Economy losing steam, RBI governor Shaktikanta Das faces tough balancing act
Soon after taking over as India’s central bank governor almost a year ago, Shaktikanta Das decorated his 18th floor office overlooking the Arabian Sea with two statues of Lord Jagannath, a form of the Hindu god Vishnu.
Revered in Das’s native Odisha state, Jagannath is depicted with round, lidless eyes that are always watching over the welfare of devotees. It’s an appropriate adornment.
Das, overseeing what was until recently the world’s fastest-growing major economy, has worked tirelessly to restore relations with the government after a bitter public spat led his predecessor Urjit Patel to quit. Colleagues say Das usually tucks papers under his arms at the end of the work day to continue plugging away from home.
He’s paid a hefty dividend to the finance ministry, swung into stimulus mode and eased up on bank lending restrictions — all of which Patel resisted in the face of government pressure. But there’s still much to do: the economy is losing steam on many fronts, the banking sector remains saddled with one of the world’s worst bad-debt loads and the government’s fiscal targets are slipping by the day.
Insiders say Das has turned around the mood in the bank’s Mumbai headquarters with an affable, plain-spoken approach.

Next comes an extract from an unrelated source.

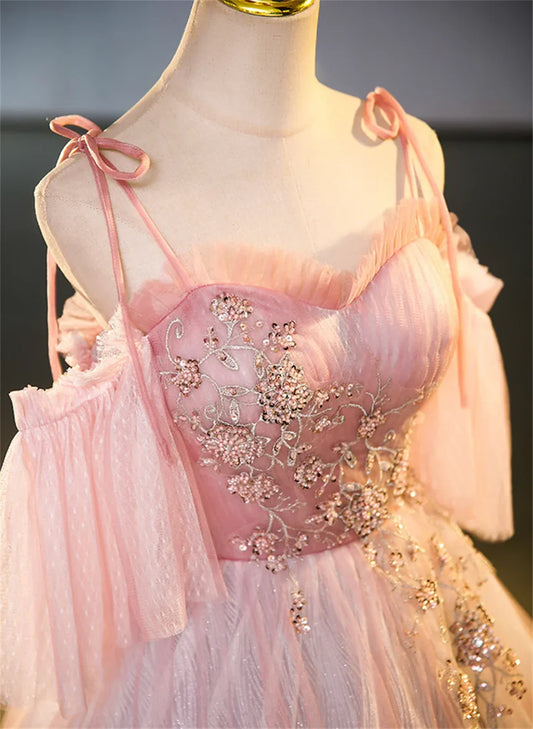 Vestido de fiesta rosa de tul con hombros descubiertos y cuentas, corte A, vestido de fiesta largo rosa de tul TP1135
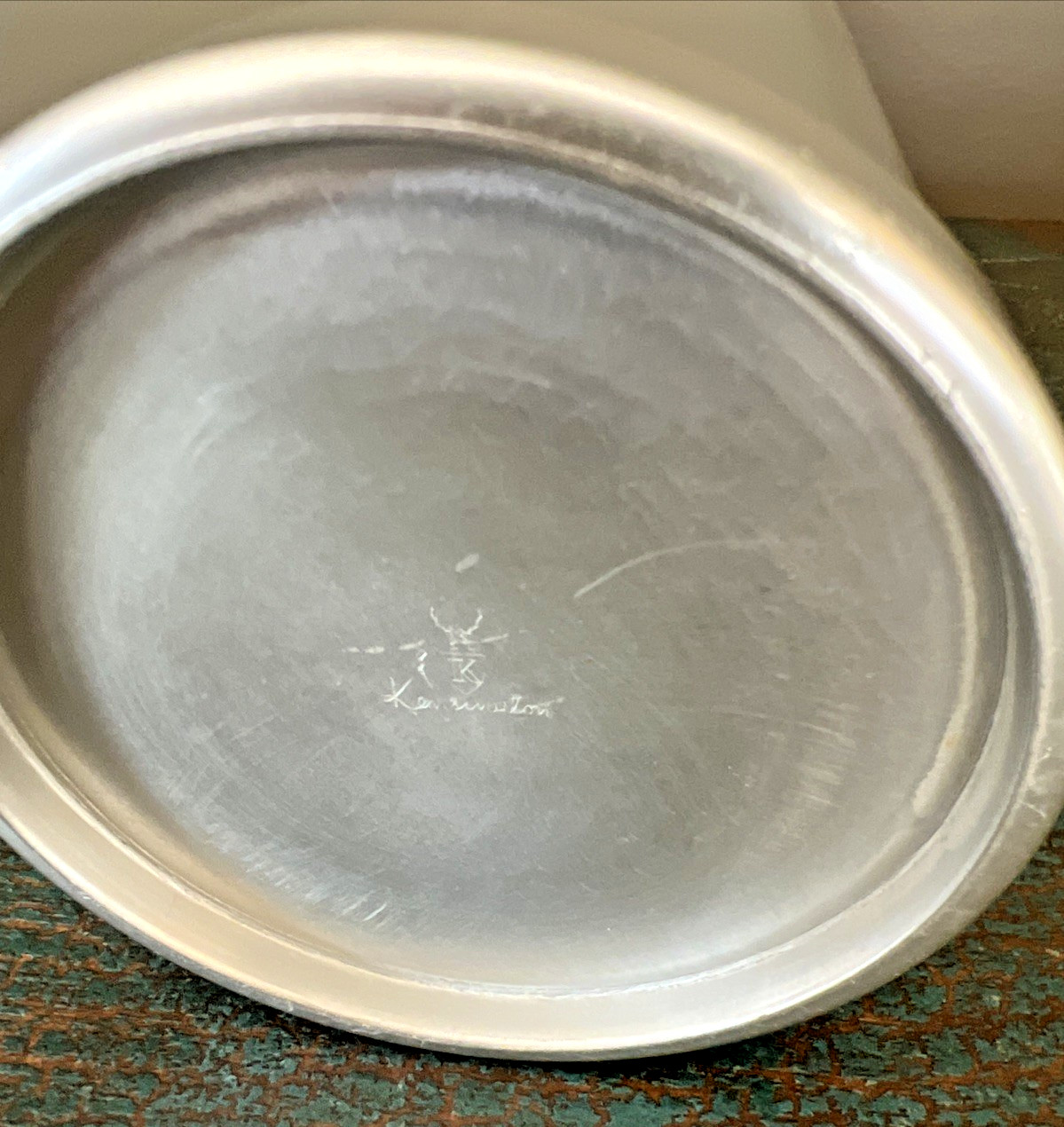 VTG. 1930's ART DECO KENSINGTON ALUMINUM BRASS COCKTAIL SHAKER by LURELL GUILD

As one official said: He listens to everyone and then sticks to his own decision.
Among the RBI rank and file, the more academically-decorated predecessors of Patel and Raghuram Rajan were considered outsiders due to their long stints in American academia. Long-timers were put offside as in-house talent was often bypassed in senior appointments. Not with Das: in the job posting for a deputy in-charge of monetary policy, at least 25 years of government experience within India tops the priority list among requirements for the role.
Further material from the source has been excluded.